Access for Disabled

It's Not About Why But How Did The Blind-Man Cross The Road?, Kate Green, 2011
It's Not About Why But How Did The Blind-Man Cross The Road?, Kate Green, 2011

Pedestrian Crossings have never been so accessible for the blind: when waiting, one touches the motorised dial, and, when it turns it indicates how it is safe to cross. To many this is not well known; however, it is a small step to retain safety and more independence to the blind.

As a patient living with Crohn’s, it is hard to indicate how society disables us. However, I took this image of the tablets I take first thing in the morning. It is vital that these are taken daily. These tablets prevent a relapse; something that can ultimately cause me to housebound because of the lack of bowel control. Crohn’s is very much a ‘silent’ disease and is not well known to many. However, I thought that arranging my morning dose in this way shows how the tablets help keep my bowel healthy.

We see Christmas Decorations, the Autistic See 286 Tiles
"Mrs.
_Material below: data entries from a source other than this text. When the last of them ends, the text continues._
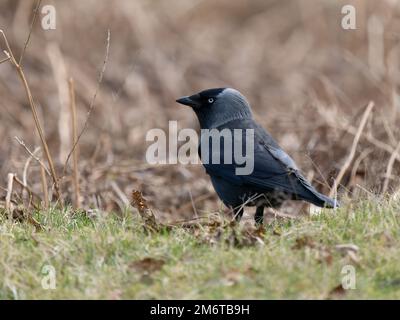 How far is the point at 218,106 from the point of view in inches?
283

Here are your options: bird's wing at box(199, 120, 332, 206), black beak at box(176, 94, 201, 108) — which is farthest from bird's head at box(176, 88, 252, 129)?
bird's wing at box(199, 120, 332, 206)

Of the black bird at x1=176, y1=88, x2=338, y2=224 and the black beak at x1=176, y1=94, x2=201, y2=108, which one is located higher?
the black beak at x1=176, y1=94, x2=201, y2=108

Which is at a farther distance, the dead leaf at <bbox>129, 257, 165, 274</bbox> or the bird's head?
the bird's head

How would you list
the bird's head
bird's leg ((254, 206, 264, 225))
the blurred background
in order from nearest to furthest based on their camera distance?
bird's leg ((254, 206, 264, 225))
the bird's head
the blurred background

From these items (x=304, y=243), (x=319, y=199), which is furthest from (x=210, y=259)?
(x=319, y=199)

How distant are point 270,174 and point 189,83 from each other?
26.2ft

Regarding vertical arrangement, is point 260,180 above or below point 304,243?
above

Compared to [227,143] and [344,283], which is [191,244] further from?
[227,143]

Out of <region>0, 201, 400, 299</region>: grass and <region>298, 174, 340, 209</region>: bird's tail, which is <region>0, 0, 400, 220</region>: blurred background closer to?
<region>298, 174, 340, 209</region>: bird's tail

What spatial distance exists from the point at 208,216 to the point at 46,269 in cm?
133

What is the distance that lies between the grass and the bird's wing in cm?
64

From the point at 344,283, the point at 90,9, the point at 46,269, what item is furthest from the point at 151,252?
A: the point at 90,9

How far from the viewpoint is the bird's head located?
7.12 metres

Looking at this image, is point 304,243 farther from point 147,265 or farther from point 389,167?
point 389,167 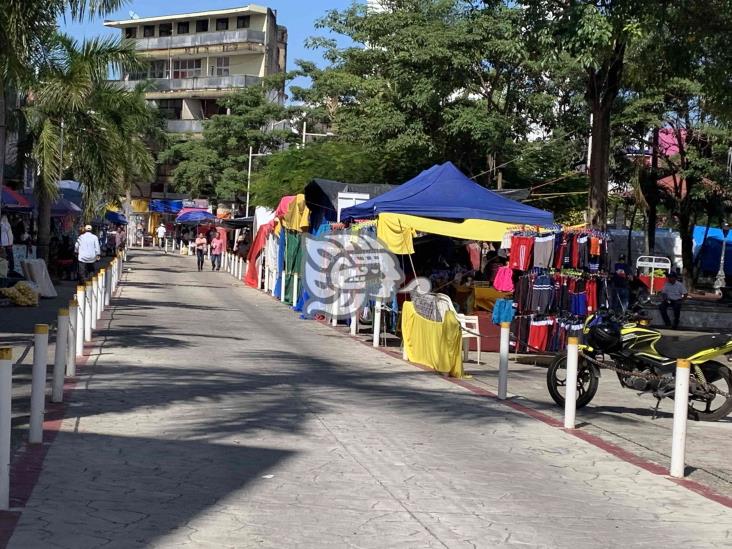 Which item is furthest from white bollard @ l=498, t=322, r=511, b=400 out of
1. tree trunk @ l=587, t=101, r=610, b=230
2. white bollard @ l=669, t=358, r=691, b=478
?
tree trunk @ l=587, t=101, r=610, b=230

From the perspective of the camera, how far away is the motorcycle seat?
41.5 feet

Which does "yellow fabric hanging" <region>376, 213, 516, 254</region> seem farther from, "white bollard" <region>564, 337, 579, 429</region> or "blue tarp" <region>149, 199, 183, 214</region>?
"blue tarp" <region>149, 199, 183, 214</region>

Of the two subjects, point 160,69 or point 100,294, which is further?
point 160,69

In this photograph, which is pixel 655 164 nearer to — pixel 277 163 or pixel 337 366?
pixel 277 163

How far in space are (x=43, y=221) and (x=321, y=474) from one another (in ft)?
83.9

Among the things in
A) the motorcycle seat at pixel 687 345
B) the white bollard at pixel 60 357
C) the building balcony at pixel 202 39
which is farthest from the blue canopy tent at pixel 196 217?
the white bollard at pixel 60 357

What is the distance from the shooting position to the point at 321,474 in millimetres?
8484

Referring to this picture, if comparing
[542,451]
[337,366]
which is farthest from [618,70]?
[542,451]

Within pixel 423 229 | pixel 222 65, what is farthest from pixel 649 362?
pixel 222 65

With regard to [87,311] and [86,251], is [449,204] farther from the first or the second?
[86,251]

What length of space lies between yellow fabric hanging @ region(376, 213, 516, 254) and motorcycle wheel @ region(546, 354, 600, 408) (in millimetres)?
6725

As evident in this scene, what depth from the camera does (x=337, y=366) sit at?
16.6m

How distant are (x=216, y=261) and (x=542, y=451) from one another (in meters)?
42.7

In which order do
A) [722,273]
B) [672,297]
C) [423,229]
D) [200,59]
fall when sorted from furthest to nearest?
[200,59], [722,273], [672,297], [423,229] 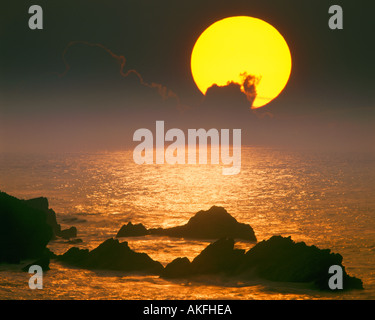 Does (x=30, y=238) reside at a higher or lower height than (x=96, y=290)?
higher

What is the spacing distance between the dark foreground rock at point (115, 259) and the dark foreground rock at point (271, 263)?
5.52 feet

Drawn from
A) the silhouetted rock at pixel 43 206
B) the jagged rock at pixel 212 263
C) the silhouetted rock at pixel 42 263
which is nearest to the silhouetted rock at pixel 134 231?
the silhouetted rock at pixel 43 206

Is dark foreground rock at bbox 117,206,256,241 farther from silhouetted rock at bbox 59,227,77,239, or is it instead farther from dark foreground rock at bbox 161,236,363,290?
dark foreground rock at bbox 161,236,363,290

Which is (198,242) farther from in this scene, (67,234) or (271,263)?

Forbes said that hating yellow and borwn is just being silly" Mark Haddon

I thought about when I read ‘The Curious Incident of the Dog in the Night Time” by Mark Haddon when I took these photographs. The protagonist is autistic and suggests how he hates yellow: 5 yellow cars are a sign of bad luck, for example. Autistic people see a completely different world: of noise, colour and precision. Mathematics are more natural to the autistic; yet social situations and awareness to danger is significantly reduced. This is an interesting subject. I am going to find more quotations from the book and create my own photographic interpretation.